The look on her face shifts from playful to something else—something like desire. I feel it, too. I’ve felt it mounting since the night we kissed at the pond. It’s like small sparks under my skin, slowly building to a roaring blaze.

“I can’t believe you licked me,” she says, still a bit dazed from whatever is happening between us.

I smile at her, shake my head, and focus on my food. “You sure you want to get a tat?” I ask, switching gears. “You know it’s permanent, right?”

“Yes, I know it’s permanent, and yes, I’m sure.”

“Do you know where you want it?”

“On my arm. I want to see it every day.”

That answer makes me happy. I was afraid she’d say on her back or hip, which would require her to remove her clothes. I know it’s crazy, and I know I haven’t even seen them, but I’m not fond of another guy seeing the goods.

“Are you gonna get something?” she asks, setting her mostly empty food container back in the bag.

“I was thinking about it.”

“Do you know what you’d want to get?”

“I always have something in mind, but I probably won’t decide until I get there.”

Once we finish eating, we lie back on the blanket, taking turns making out shapes in the clouds above us. There’s one that floats by I swear looks just like the poop emoticon. When she laughs uncontrollably, with her head on my chest, I drink it in. “You’re so gross,” she says, slapping at me playfully.
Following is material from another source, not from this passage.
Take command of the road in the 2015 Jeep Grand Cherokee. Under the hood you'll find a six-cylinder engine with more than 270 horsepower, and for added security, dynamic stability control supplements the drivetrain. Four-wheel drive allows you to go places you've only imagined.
I grab her hand and quickly roll her over, hovering above her, my arms caging her in.

“I’ll give you gross,” I tease, sticking my tongue out and inching it closer to her face.
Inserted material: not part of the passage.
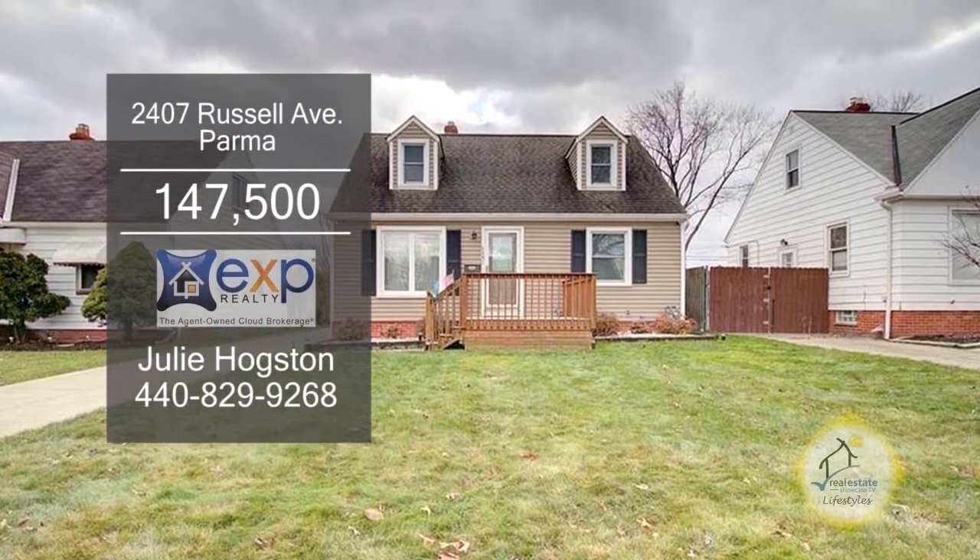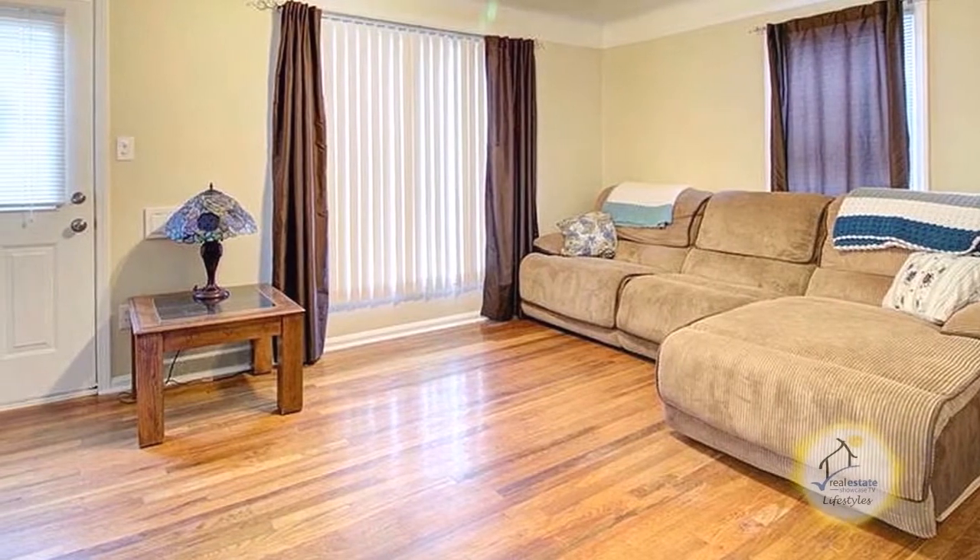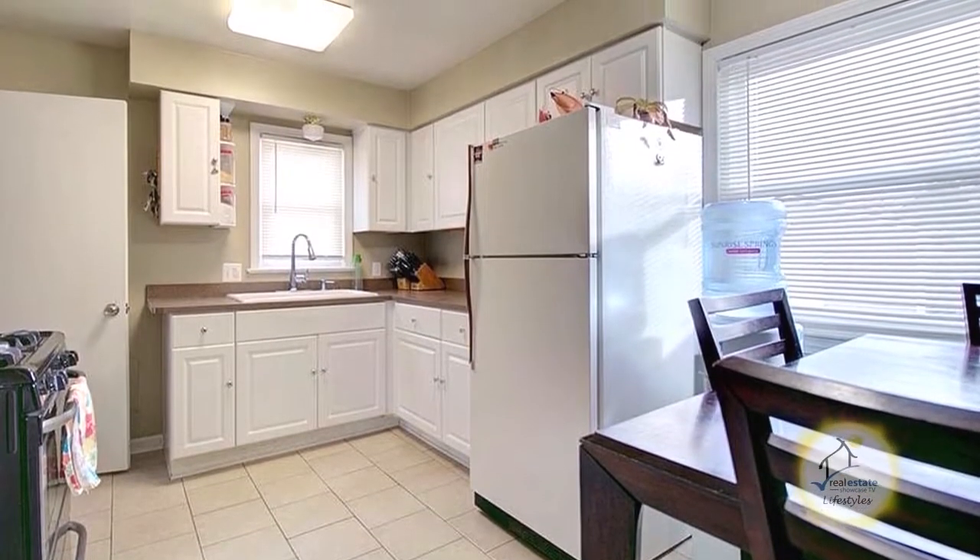This Cape Cod in Parma offers three bedrooms and one bath. Upon entering the front door, you'll find a large living room. The charming kitchen has white cabinets and an eating area.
“No!” she squeals, struggling to get away from me, but I have her trapped. “Micah!”

Before long, we’re a mess of twisted limbs, sweaty, laughing, and completely out of breath. I brush the hair off her face and cup her cheek. “You’re so beautiful.”

“So are you,” she says, honesty in her eyes. No one’s ever called me beautiful. It’s kind of a girl term, but I like it coming from her.

I kiss her for a few minutes, being mindful that we’re in public. Before things get too heated, I slowly pull back and take a good look at her, hoping when she goes back to New York and I’m missing her, I can close my eyes and remember her just like this.

“We better get going. Can’t keep Frankie waiting. He’s kind of a diva.”